I have always been repulsed by large things, big things. I despise big government, big business, large labor unions. I am intrinsically suspicious of political parties with their organizing committees, and caucuses. Although I love baseball, I can't stand Major League Baseball, the organization, and it's commissioner. Closer to home, I never want anything to do with the local or national branches of the outfit that lobbies Washington on behalf of my profession. Even within the Broker-Dealer that I clear through, don't even ask me to serve on some advisory board, to be part of some inside circle of influence...it gives me the creeps just thinking about it. On a spiritual level, although I am a devoted believer and admirer of Jesus Christ, I remain a reluctant church member. Although I have been a member of Grove Avenue for over 25 years and have benefited from that association, it is a shaky thing, at best. The worst church experience of my life were the two years that I served as chairman of the finance committee. Never, in all of Christendom has there been a more ill-conceived match than me and that committee. I escaped with my faith hanging by a thread.

I clearly understand the benefits that can come from being part of a group. There is power in numbers after all. Being part of an organization of like-minded people trying to accomplish something together that can not be accomplished apart is what civilization is all about. So, why do I prefer hovering above things, why do I prefer the isolation of being on the outside, looking in? Why am I so devoted to Independence? This instinct is at the heart of why I ended up in the business I'm in. I have no boss, no board of directors, and no one telling me what to do. However, along with that freedom comes the unavoidable fact that I also have no one to blame for mistakes and failures. They are always mine alone.

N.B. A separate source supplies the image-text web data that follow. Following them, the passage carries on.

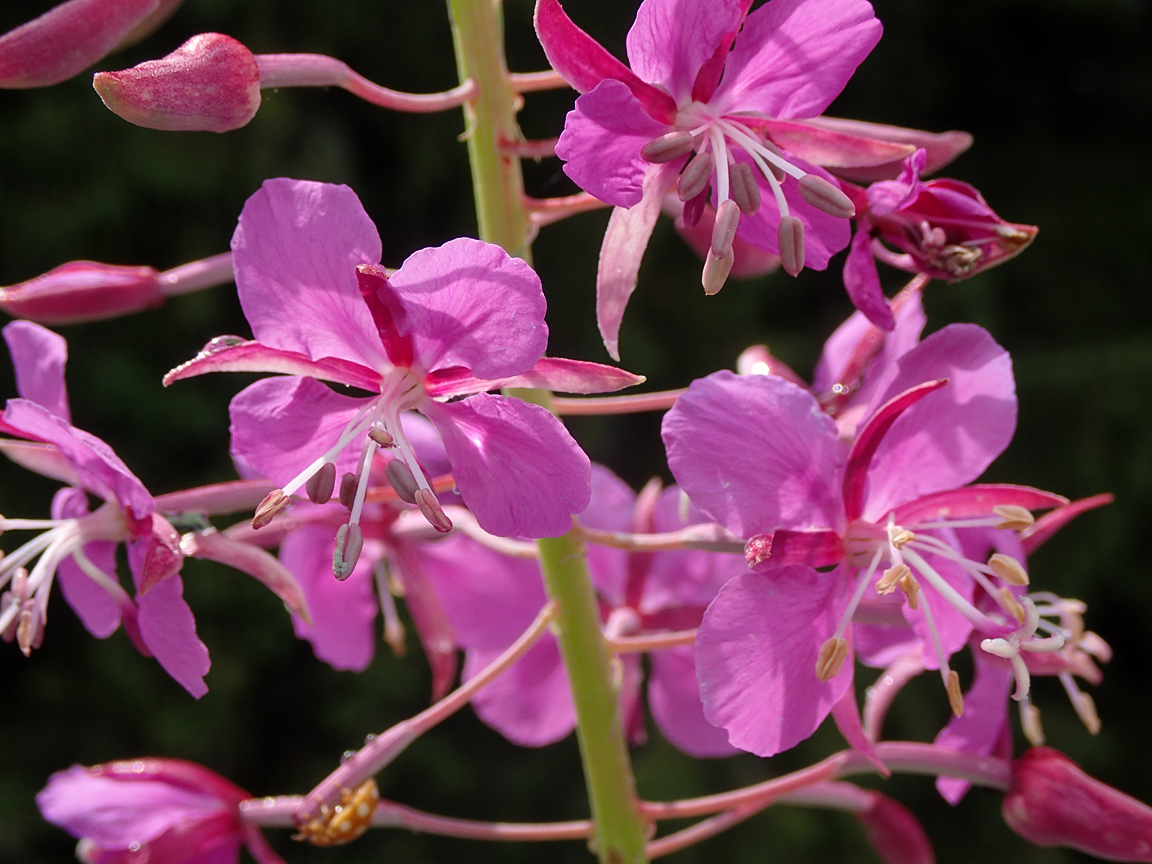 Image of Chamaenerion angustifolium specimen.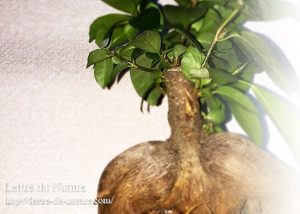 ガジュマルの室内で育て方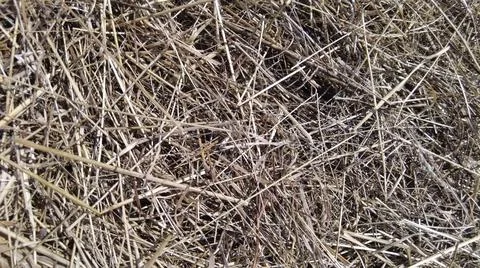 Background farm, texture hay or straw pale yellow color. Stock Photos
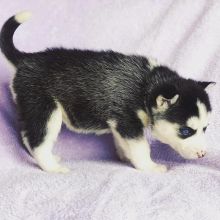 Quality male and female Siberian husky puppies for adoption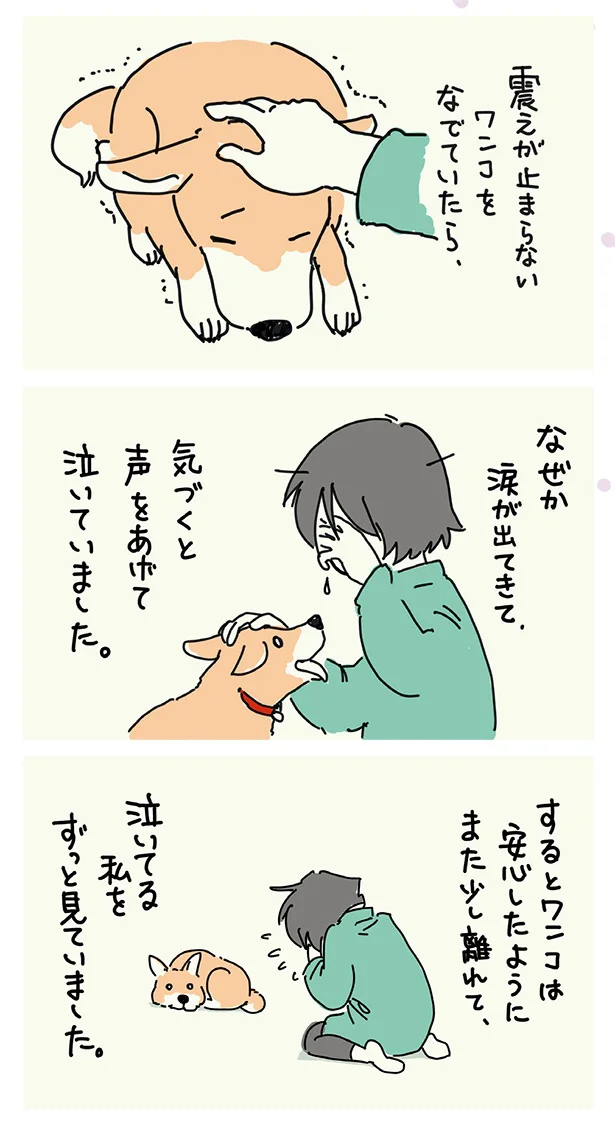 泣いてる私をずっと見ていました
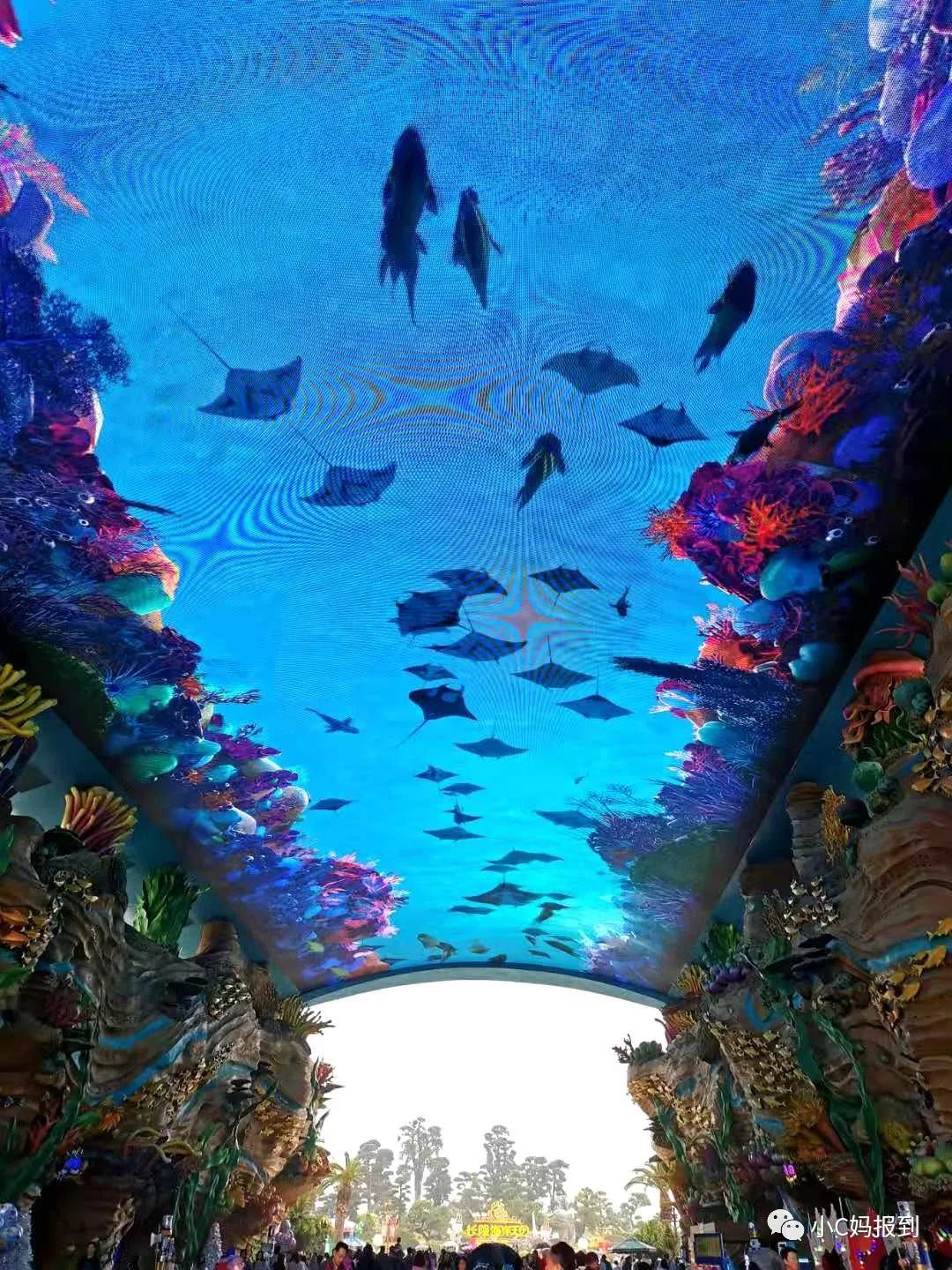 珠海长隆旅游攻略吃住一体,带孩子去珠海长隆攻略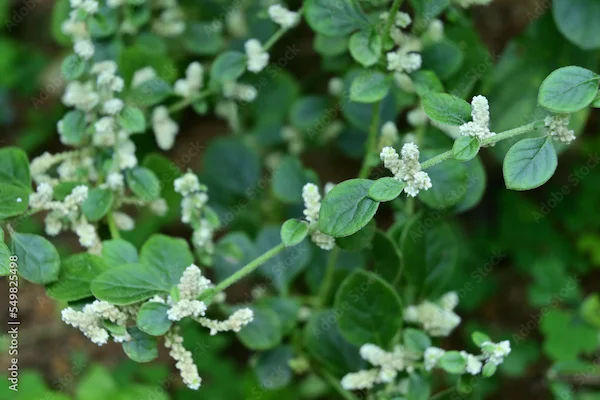 Maruwak Benefits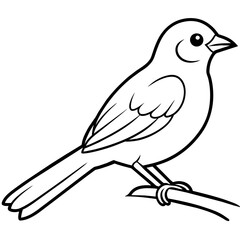 Obraz premium Bird vector illustration.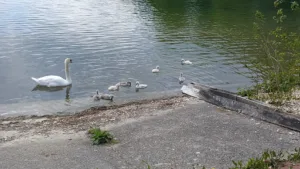 Rest’eau à Beauvais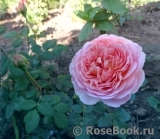 Abraham Darby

Maybe it's a pride issue. Maybe I like Independence because I'm too prideful to accept criticism or discipline, too prideful to acknowledge my need for others. Whatever it is, all I know is, I have always been this way. What's different now and the reason I've been thinking more about it is that as I get older, I see more clearly the need of association. I understand the benefits of belonging to things. But how do you transform yourself from an eccentric loner type to a gregarious committee man? Maybe it's a process. I'm not quite ready though. Every time I get an invitation in the mail to join AARP, I grit my teeth, let out a little "grrrrrr" and take great delight in ripping the envelope to shreds. No...not ready yet.